I talked to Brendan after Nick passed, and he was like, “I never met a manager like that. With managers, I’m like, ‘Keep away, keep out. Wait ’til we’re done, and then you guys can come in here and listen, and I’ll go in the other room.’ But Nick was the total opposite. He was one of the guys, one of the band, and he totally understood.” It was cool to hear that from Brendan, because Brendan’s a legendary producer who’s worked with all these huge bands. It’s so nice to know that Nick was held in such high regard, even by somebody like Brendan who’s met everybody.
“Even our engineer, when we were halfway through recording, he was like, ‘You guys have got some fucking balls recording “Stairway to Heaven.” Damn!’”
I know Nick was a huge Led Zeppelin fan.
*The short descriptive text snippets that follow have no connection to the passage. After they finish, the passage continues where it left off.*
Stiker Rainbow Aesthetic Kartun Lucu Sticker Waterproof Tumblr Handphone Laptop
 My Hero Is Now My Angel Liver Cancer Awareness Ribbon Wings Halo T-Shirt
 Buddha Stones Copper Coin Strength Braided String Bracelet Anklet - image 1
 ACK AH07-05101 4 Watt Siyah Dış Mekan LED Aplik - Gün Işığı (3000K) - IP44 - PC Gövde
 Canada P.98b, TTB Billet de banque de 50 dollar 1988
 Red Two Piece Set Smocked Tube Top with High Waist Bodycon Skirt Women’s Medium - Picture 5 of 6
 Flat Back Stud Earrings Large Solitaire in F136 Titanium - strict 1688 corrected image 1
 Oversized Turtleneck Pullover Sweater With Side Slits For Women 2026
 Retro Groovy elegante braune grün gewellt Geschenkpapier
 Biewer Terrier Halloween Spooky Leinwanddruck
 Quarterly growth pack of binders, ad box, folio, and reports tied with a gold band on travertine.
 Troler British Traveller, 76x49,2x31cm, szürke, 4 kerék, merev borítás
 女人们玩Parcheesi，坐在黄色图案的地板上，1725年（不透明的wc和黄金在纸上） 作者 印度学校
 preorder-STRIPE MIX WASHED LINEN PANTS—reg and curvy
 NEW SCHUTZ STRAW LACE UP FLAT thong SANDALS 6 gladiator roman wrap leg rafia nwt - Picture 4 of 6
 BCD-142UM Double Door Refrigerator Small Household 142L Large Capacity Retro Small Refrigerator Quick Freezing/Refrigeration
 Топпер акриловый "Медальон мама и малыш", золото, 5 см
Are you, as well?
Oh yeah, and especially “Stairway to Heaven.” When I was a kid, my mom was in a cover band; they started in 1978 and ended in 1984, so they were doing all the popular songs of the day. They were doing Zeppelin, they were doing Boston, they were doing Cheap Trick, Loverboy, Genesis, Peter Gabriel, blah, blah, blah. So that was my introduction to Led Zeppelin—my mom’s band, and my mom’s records. And Led Zeppelin IV in particular stood out, because I thought it had a cool cover. I had a little Fisher-Price turntable up in my room, and I would sit there and listen to Zeppelin on it with my headphones plugged in. There’s just something about “Stairway to Heaven”; it really is one of the greatest rock songs of all time.
Was it difficult to get your head around recording a song that’s so iconic?
When we first got asked, none of us wanted to do it. First of all, “Stairway to Heaven”? There are certain songs you just shouldn’t cover, and I think that one’s at the top of the list. Even our engineer, when we were like halfway through recording, he was like, “You guys have got some fucking balls recording ‘Stairway to Heaven.’ Damn!” [Laughs.]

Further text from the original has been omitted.